静脈血栓塞栓症(じょうみゃくけっせんそくせんしょう)
血のめぐりが悪くなったり、手術などで血管の壁に傷や炎症が起きたり、血が固まりやすくなったりすると、それが原因となって静脈血栓塞栓症が起こるといわれています。
 ①下肢の静脈に血の固まり(血栓)ができて血流を滞らせてしまう「深部静脈血栓症」。
 ②血栓が血流に乗って肺の血管をつまらせてしまう「肺血栓塞栓症」。
 この①と②をあわせて静脈血栓塞栓症と呼びます。①の主な症状は下肢の腫れや痛み、発赤、表面の血管が膨れ上がるなど。②のおもな症状は、呼吸が苦しい、冷や汗が出る、動悸がする、胸が痛い、失神する、など。
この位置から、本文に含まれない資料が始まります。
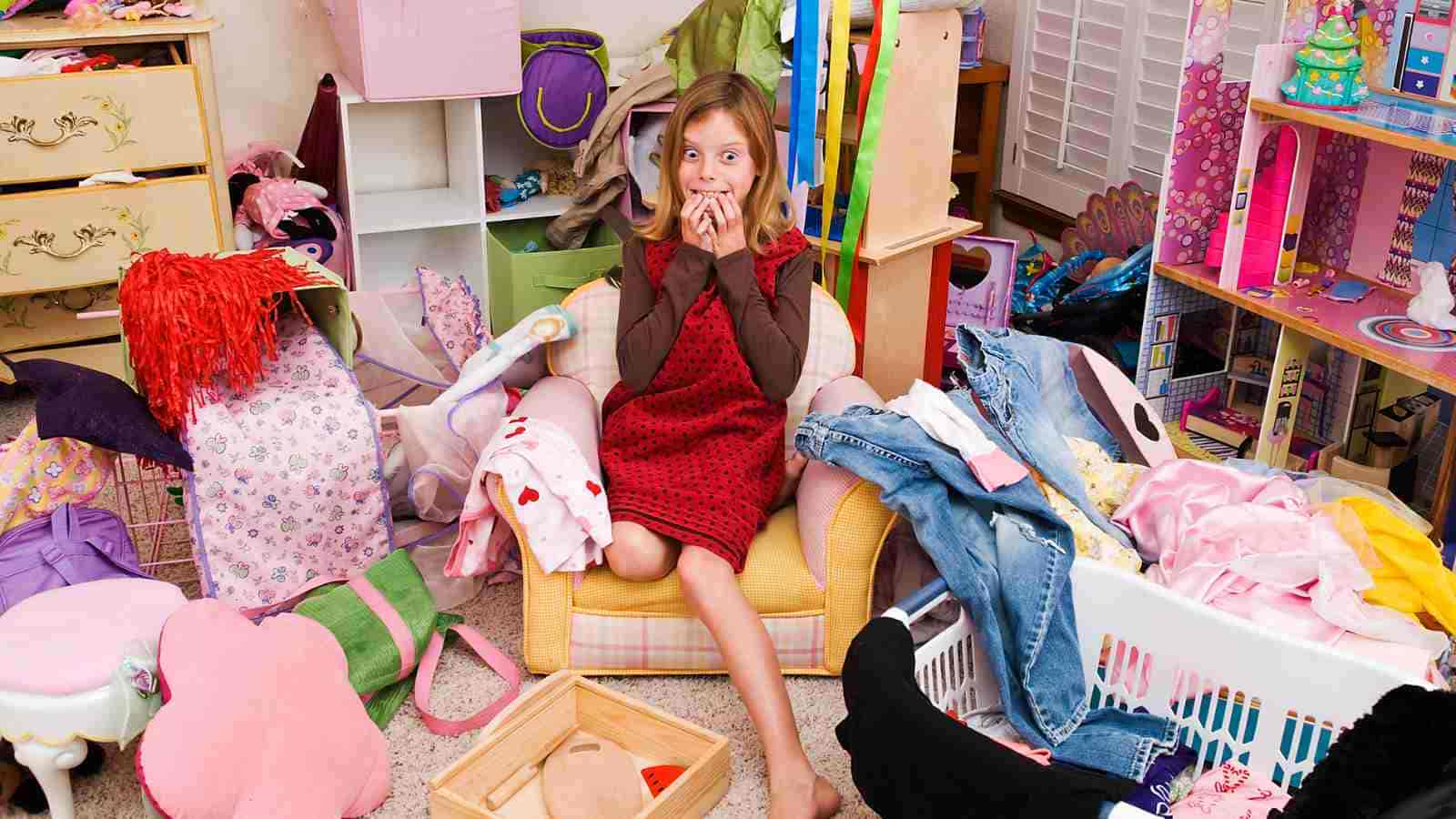 A young girl sits amidst a very messy room, looking overwhelmed by the clutter of toys and clothes.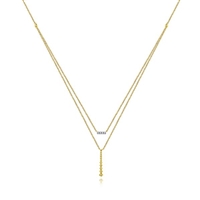 Two layered necklaces in one 14k yellow diamond bar necklace.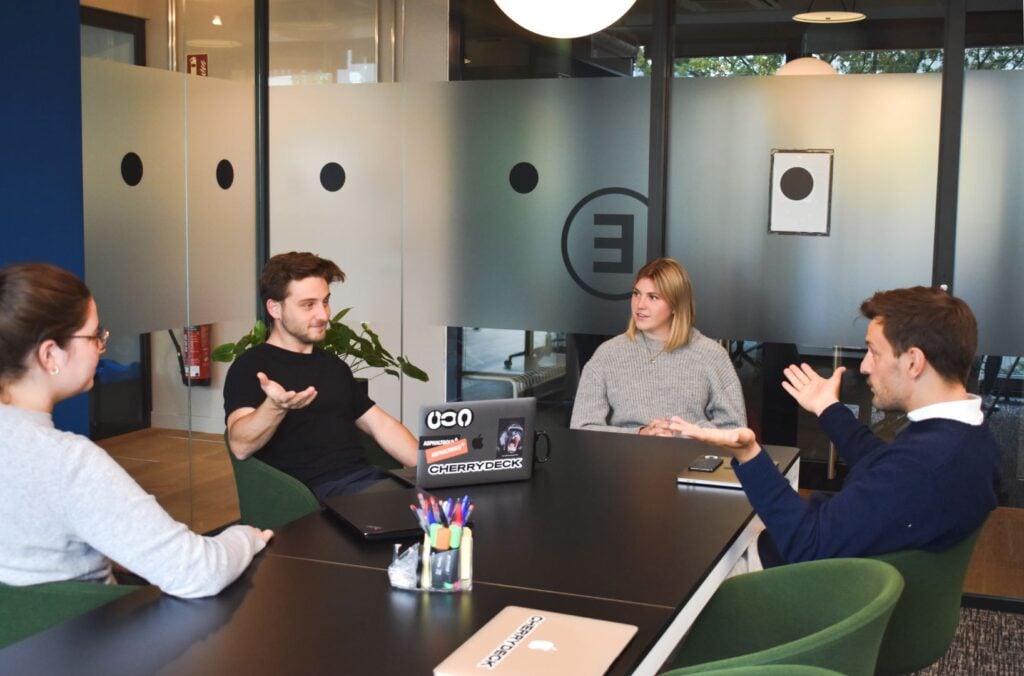 Four people engaged in a discussion at a team meeting.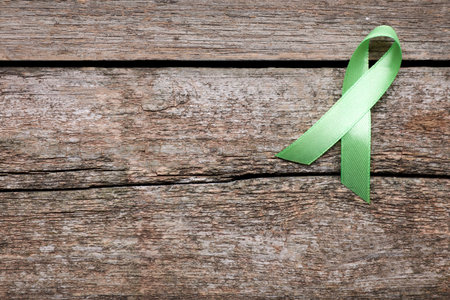 World Mental Health Day. Green ribbon on wooden background, top view with space for textの写真素材
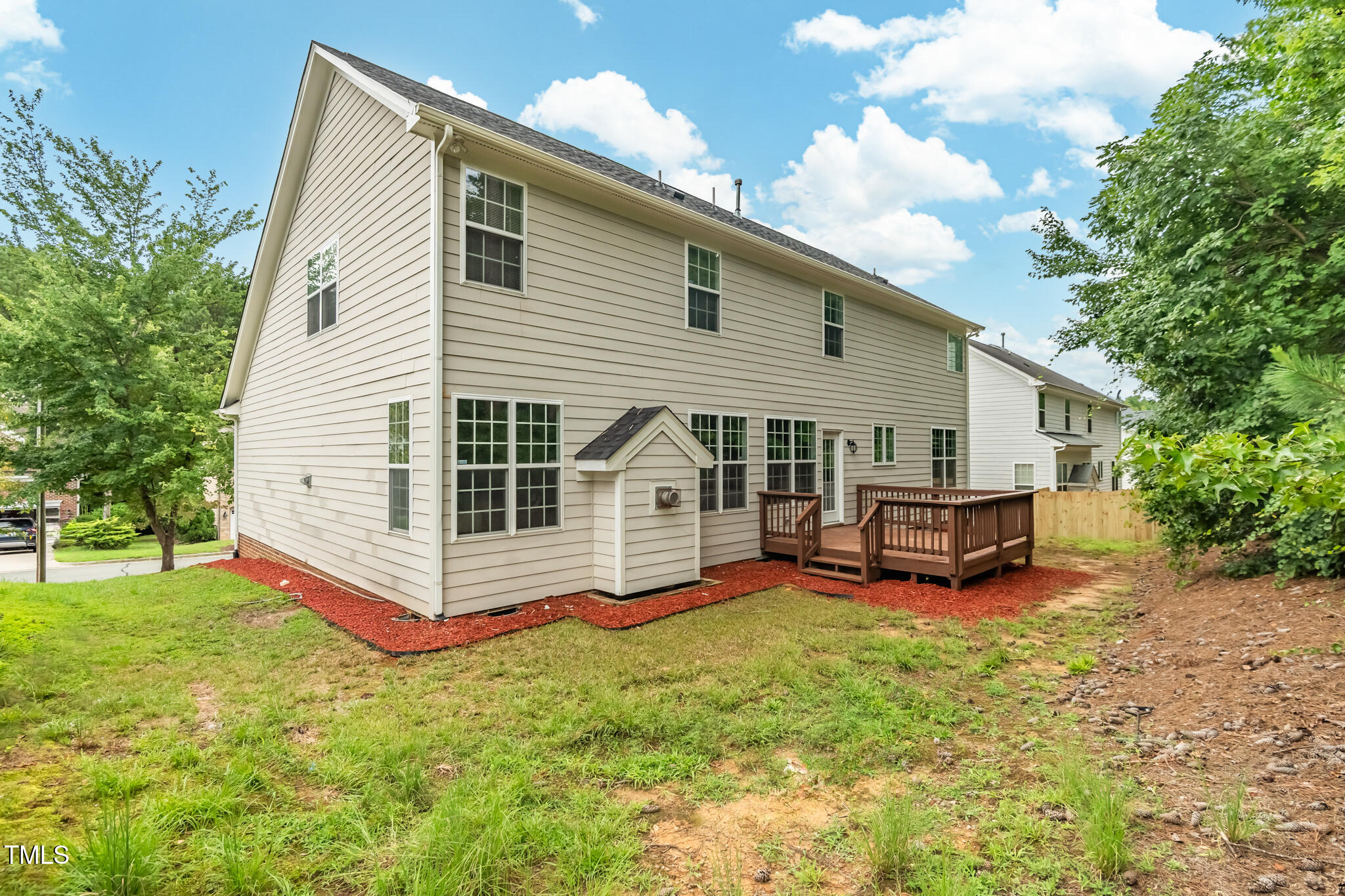 1604 Timber Wolf Drive Durham, NC 27713 - Photo 43 of 48 a view of a house with a yard and sitting area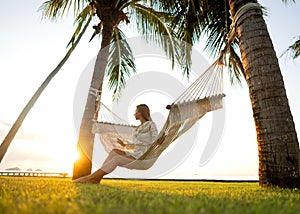 Girl in a hammock bother palm trees enjoying a tropical vacation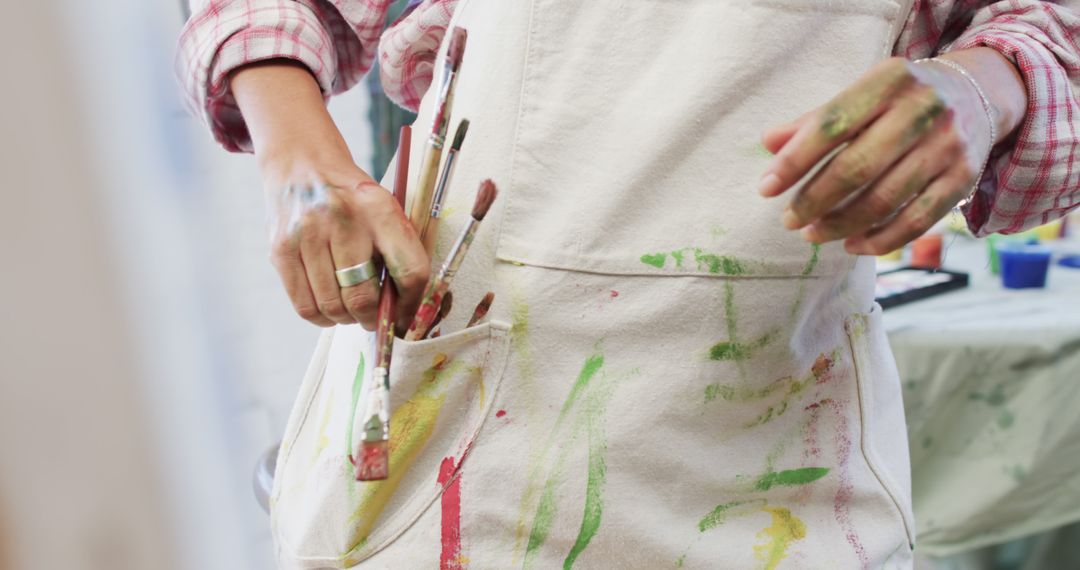 Close-Up of Painter's Apron with Brushes and Paint Stains - Free Images, Stock Photos and Pictures on Pikwizard.com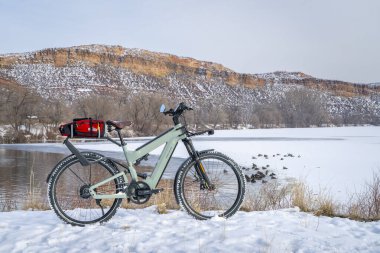 Bellvue, CO, ABD - 19 Şubat 2025: Superdelite, Riese Muller tarafından Colorado eteklerinde kazlarla donmuş gölün kıyısında gelişmiş bir tur e-bisikleti.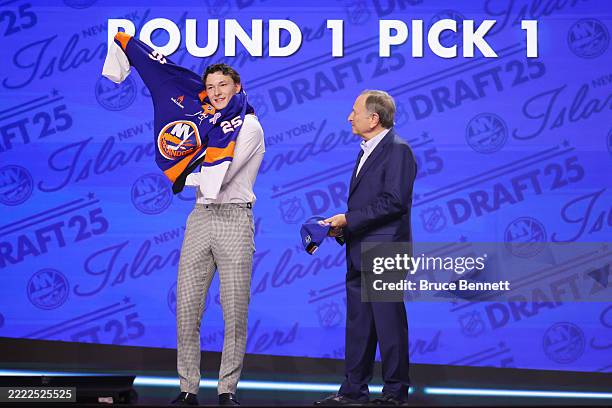 Matthew Schaefer puts on an Islanders sweater as NHL commissioner Gary Bettman looks on after being drafted by the NY Islanders with the number one...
①は症状が出ないまま進行することも多く、②は呼吸ができなくなり命に危険な病気です。
 入院患者さんで統計を取ると、血栓予防を受けていない方で、静脈血栓塞栓症の発生率が高いのは、意外にも股関節など下肢の手術を受けた方だということがわかりました。
 静脈血栓塞栓症の予防のためには血を固まりにくくする薬を使ったり、運動や器具を用いた方法が取られますが、血を固まりにくくする薬では出血のリスクが高くなりますので怪我に注意し、併用薬についても医師、薬剤師に相談が必要です。
 それぞれの予防法には長所・短所がありますので医師のアドバイスに従い、行っていくことが大切です。